Breach of Contract and Express Warranty Against 50 Madison and Samson

50 Madison and Samson argue that the Lornes' first cause of action seeking damages for breach of contract and the fourth cause of action for breach of express warranty are both precluded by the Contract of Sale, and the Offering Plan incorporated therein, which limit the Lornes to the remedy of specific performance. They rely on section P-3.8 of the Offering Plan, which provides, in relevant part, as follows:

If Sponsor defaults on its obligation to correct a Construction Defect, the sole right and remedy of Purchaser (if the Construction Defect pertains to such Purchaser's Unit) or the Condominium Board (if the Construction Defect pertains to the Common Elements) is for specific performance to compel Sponsor to repair, replace or otherwise correct such Construction Defect and in no event will Sponsor, a Sponsor Related Party or Sponsor's Agents, Employees and Contractors be liable for any losses or damages resulting therefrom, whether actual, consequential, or otherwise.

Offering Plan, Part I, § P-3.8, at p.
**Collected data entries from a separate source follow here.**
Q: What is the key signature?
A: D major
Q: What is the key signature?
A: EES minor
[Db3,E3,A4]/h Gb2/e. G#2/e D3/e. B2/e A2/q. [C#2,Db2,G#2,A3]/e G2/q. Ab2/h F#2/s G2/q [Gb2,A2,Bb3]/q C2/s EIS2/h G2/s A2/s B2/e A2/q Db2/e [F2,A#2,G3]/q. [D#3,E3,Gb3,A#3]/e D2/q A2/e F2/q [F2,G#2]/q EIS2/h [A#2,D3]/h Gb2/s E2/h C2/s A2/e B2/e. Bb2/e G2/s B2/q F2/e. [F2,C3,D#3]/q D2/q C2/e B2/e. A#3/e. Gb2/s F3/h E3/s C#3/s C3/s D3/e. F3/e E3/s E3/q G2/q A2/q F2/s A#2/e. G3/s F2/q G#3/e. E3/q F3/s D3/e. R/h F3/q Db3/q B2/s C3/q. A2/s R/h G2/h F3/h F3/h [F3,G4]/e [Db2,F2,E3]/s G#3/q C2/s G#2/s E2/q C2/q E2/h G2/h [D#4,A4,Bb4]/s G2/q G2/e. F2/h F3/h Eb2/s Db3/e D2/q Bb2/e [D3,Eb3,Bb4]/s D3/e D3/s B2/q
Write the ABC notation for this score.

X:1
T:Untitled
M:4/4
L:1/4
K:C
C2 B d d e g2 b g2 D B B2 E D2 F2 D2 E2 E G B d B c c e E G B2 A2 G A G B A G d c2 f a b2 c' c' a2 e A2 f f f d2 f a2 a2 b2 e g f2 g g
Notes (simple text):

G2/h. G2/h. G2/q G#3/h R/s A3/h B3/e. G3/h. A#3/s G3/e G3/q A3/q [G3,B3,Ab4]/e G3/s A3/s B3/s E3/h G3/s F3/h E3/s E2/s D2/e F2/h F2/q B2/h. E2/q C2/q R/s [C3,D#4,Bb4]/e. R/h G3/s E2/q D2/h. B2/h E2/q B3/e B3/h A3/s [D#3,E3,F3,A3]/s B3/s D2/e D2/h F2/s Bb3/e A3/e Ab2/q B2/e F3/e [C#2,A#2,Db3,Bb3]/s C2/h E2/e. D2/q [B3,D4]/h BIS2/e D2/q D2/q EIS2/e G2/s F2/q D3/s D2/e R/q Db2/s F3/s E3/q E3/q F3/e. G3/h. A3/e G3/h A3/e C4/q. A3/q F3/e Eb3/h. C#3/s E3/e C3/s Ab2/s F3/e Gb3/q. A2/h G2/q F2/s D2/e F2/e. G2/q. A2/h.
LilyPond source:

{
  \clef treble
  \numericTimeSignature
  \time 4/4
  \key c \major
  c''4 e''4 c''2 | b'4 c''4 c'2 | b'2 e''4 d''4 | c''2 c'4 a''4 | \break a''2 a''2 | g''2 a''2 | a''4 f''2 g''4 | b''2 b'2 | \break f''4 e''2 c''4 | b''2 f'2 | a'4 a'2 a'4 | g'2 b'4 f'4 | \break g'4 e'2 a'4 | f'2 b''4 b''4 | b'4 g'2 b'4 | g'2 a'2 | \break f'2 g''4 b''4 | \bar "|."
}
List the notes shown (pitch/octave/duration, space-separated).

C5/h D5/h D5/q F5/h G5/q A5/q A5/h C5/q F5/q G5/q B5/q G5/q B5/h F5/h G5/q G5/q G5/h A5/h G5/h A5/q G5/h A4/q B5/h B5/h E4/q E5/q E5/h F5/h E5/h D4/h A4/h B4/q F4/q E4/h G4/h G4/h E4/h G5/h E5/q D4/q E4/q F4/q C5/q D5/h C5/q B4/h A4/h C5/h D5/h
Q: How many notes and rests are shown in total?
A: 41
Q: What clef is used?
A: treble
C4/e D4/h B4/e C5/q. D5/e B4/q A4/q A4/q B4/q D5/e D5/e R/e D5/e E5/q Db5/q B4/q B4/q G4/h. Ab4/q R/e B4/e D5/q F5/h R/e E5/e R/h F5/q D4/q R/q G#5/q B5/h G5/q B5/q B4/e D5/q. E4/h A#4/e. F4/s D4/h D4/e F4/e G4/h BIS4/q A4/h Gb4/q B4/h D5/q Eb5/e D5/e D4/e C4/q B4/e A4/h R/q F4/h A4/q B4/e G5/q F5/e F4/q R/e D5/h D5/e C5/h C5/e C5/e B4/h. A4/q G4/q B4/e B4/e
P-19. Likewise, section 18.5(a) of the Contract of Sale provides that the sponsor's "only obligations and liability for Construction Defects" is to correct the defects after receiving written notice thereof. 50 Madison and Samson also argue that the Lornes are precluded from seeking correction of the concrete substrate, because it is part of the "Residential Common Elements" of the building (citing section B-7.2.3[g]) of the Offering Plan), and section § P-3.8 limits the right to compel such repairs to the Board of Managers. This allegedly precludes any claims by the Lornes based on breach of contract or breach of warranty, express or implied.

Dismissal of the first and fourth causes of action is not warranted. First, with respect to the Lornes' standing, the claims in the Verified Complaint are not limited to the concrete substrate, but relate to other construction defects in their unit that are not Common Elements. Even if the cause of the alleged flooring problem is an uneven concrete substrate, it has allegedly caused construction defects in the plywood sub flooring and/or the hardwood flooring surface, for which the Lornes do have standing to demand repairs from 50 Madison. The fact that 50 Madison and Samson have asserted counterclaims against Dolner, the party whom they claim is responsible for the alleged defects in the Lornes' unit, in the Dolner action is also not grounds for dismissal of the first and fourth causes of action since the Contract of Sale requires performance of the necessary repairs, not merely litigation against the party that may or may not be ultimately responsible.

Finally, while any claim against 50 Madison or its agents for damages is precluded by the clear terms of the Contract of Sale and the Offering Plan, plaintiffs have moved to amend their complaint to include a cause of action seeking a declaration as to who is responsible to repair the concrete substrate and other defects in the unit, and if the court should find that 50 Madison or Samson is responsible, then the plaintiffs are clearly entitled by the Contract of Sale and the Offering Plan to specific performance of that repair obligation by these defendants.

Fraud by Samson and 50 Madison

The Lorne's second cause of action alleges that they were defrauded into closing on their unit and paying the full purchase price for the unit even though it was not habitable or ready for occupancy and would not be made ready in any timely fashion.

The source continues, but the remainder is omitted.